Called the "Millennial Disruption Index," Scratch reported that the financial services industry is in a position to be significantly transformed by millennials in the near future. Of the millennials polled over the three-year period, 53 percent believe that their banks aren't special compared to other banks. In addition, 71 percent would rather go to a dentist than heed advice from their bank.

Larger banks are at a disadvantage, as well. Scratch noted that four of millennials' least loved brands are top banks in the U.S. Millennials are also comfortable moving ahead without banking services, with 33 percent saying that they won't need a bank at all. Furthermore, 68 percent expect to access money in a completely different fashion over the next five years.

Millennials are afraid of banksDon't let millennials' banking fears get in the way.

Let technology help you improve your bank
Thankfully, financial institutions have plenty of options to overcome these hurdles and attract more millennials. To begin, you should take a holistic approach - customize your bank to appeal to Gen Y, Gen X and boomers, all in one.

You can do that through technology. For example, boomers can have a streamlined teller experience thanks to cash recyclers, the universal banker model and similar changes. Millennials can be happier if you offer a wide range of online banking and mobile applications.

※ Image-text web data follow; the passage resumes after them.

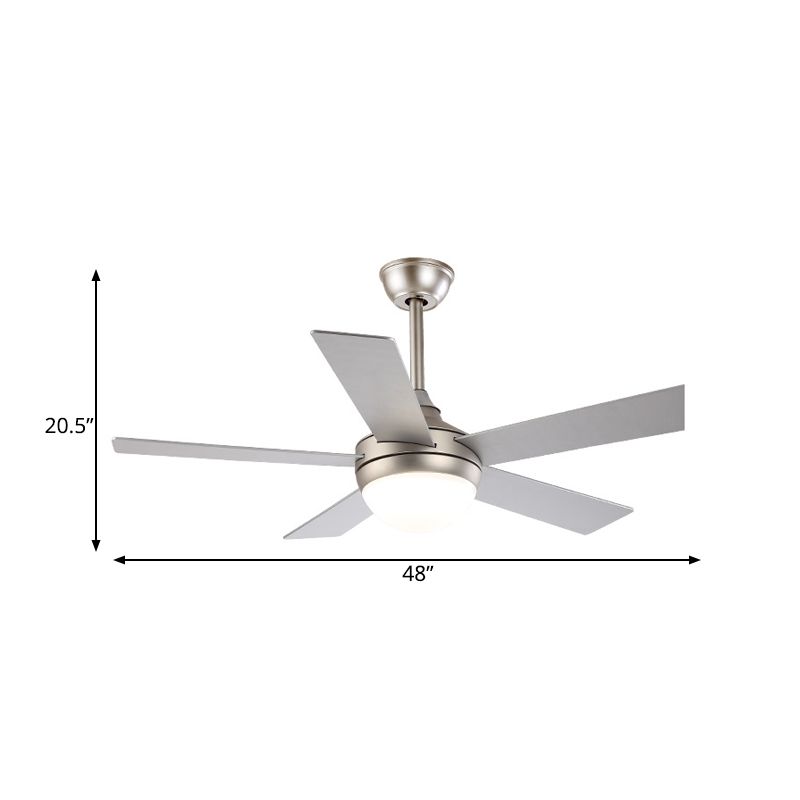 Modern Dome Semi Flush Lighting 48 "brede LED metallic plafondventilator Lamp in zilver voor woonkamer met 5 heldere messen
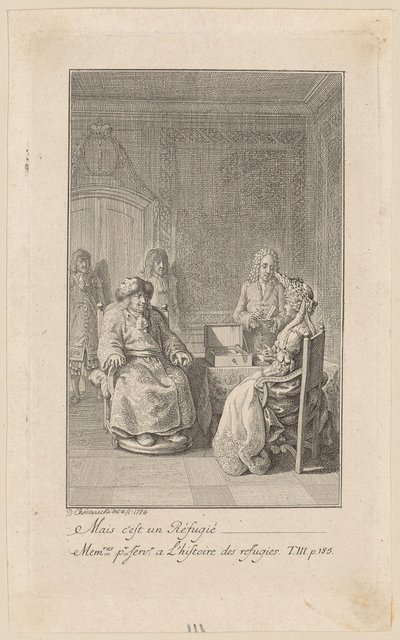 Strana z „Mémoires [...] des réfugiés“, třetí svazek od Daniel Nikolaus Chodowiecki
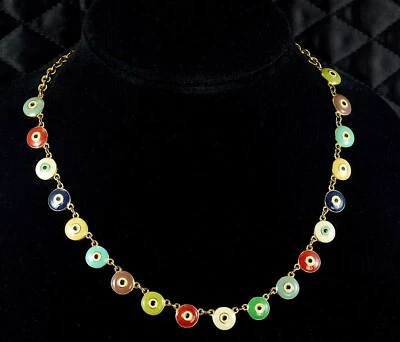 $55 • Buy Joan Rivers Evil Eye Necklace Multicolor Enamel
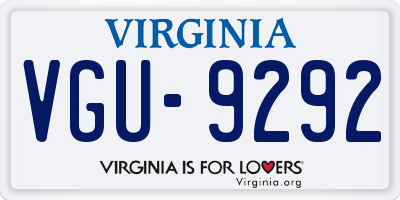 VA license plate VGU9292
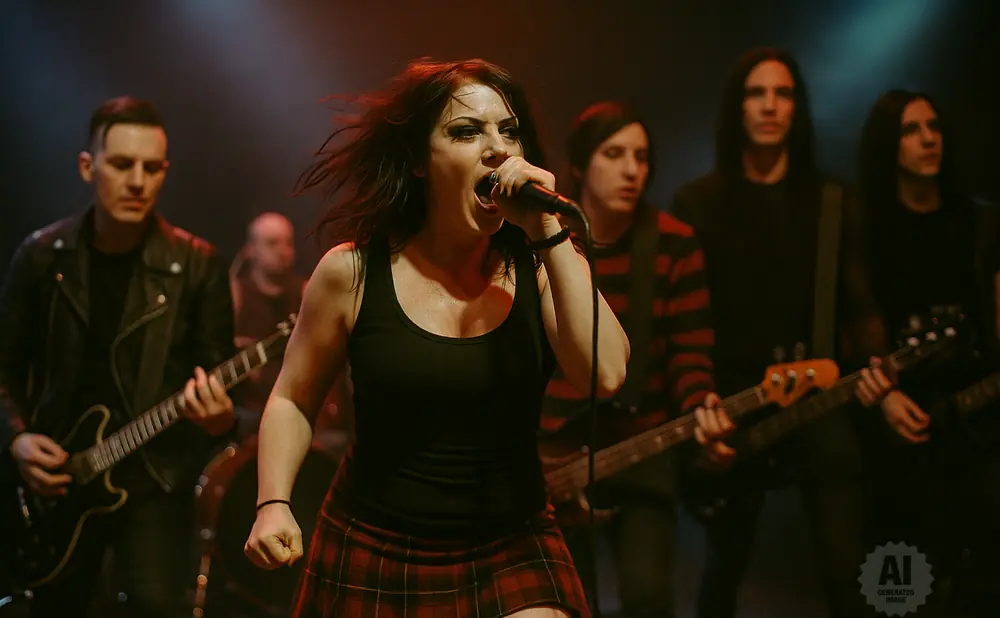A female singer screams into a microphone while a band plays guitars on stage.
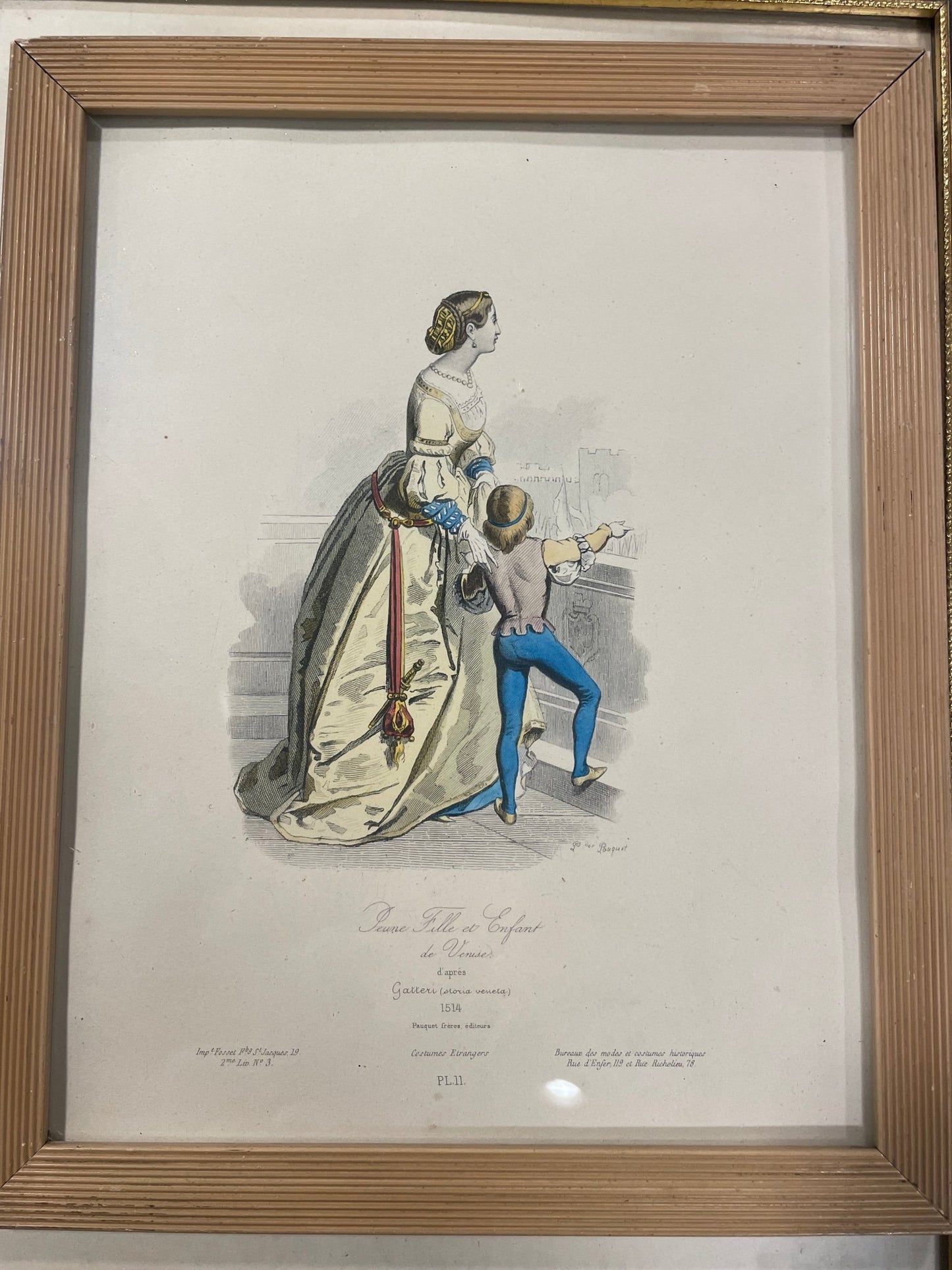 Antique French Costume Print — Jeune Fille et Enfant de Venise (Framed) - Bon Ton goods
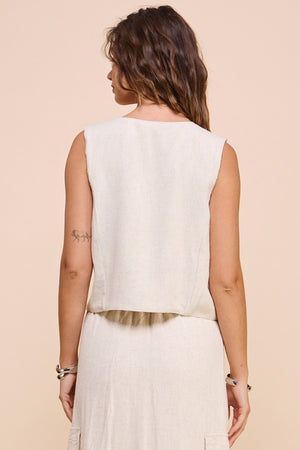 Leisurely Linen Blend Tie Vest and Cargo Skirt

According to an excerpt of a BBVA research paper on millennials, shared via The Financial Brand, a large portion of millennials are hooked on technology. This can be beneficial for a couple of reasons:

  • Offer tech-based banking solutions - You can implement tech-based banking tools to attract millennials. You could have a mobile application, or you can offer online bill pay and other similar features. While many banks already do this, you can set yourself apart by focusing on usability, customization and functionality. 
  • Improve your brand image - Thanks to millennials' ties to technology, you can use the Internet to your advantage when branding. Consider creating social media profiles for your company. Here, you can interact with millennials and improve your image. However, this can be a double-edged sword. Many companies notoriously slip up on social media. Plus, any mistake can be shared with millions in mere moments online.

Address your view of millennials
In many cases, financial institutions overlook the value of millennials as viable customers. Gen Y has too much student loan debt, they are too young, or they don't have enough money - these are common objections often heard throughout the financial services industry.

"You can improve your bank if you tailor your marketing for millennials."

That doesn't have to be the case for your bank. In an article for American Banker, Jackie Stewart explained mid- and small-sized banks have an edge on their larger competitors. They can adapt quicker, and they can offer more unique features that attract millennials.

Joe Sullivan, chief executive officer of the consulting firm Market Insights, told Stewart that the negative attitude banks have toward millennials can be a problem. Gen Y may not be a premier customer right now, but in a few years they could be buying a car or buying a house - and they tend to have long-term brand loyalty. If you cater to them now, they'll be more likely to stick with your bank when they are more profitable.

Most importantly, make sure your company understands the value of the millennial generation. You can surge past your competitors with a comprehensive focus on all demographics, especially Gen Y.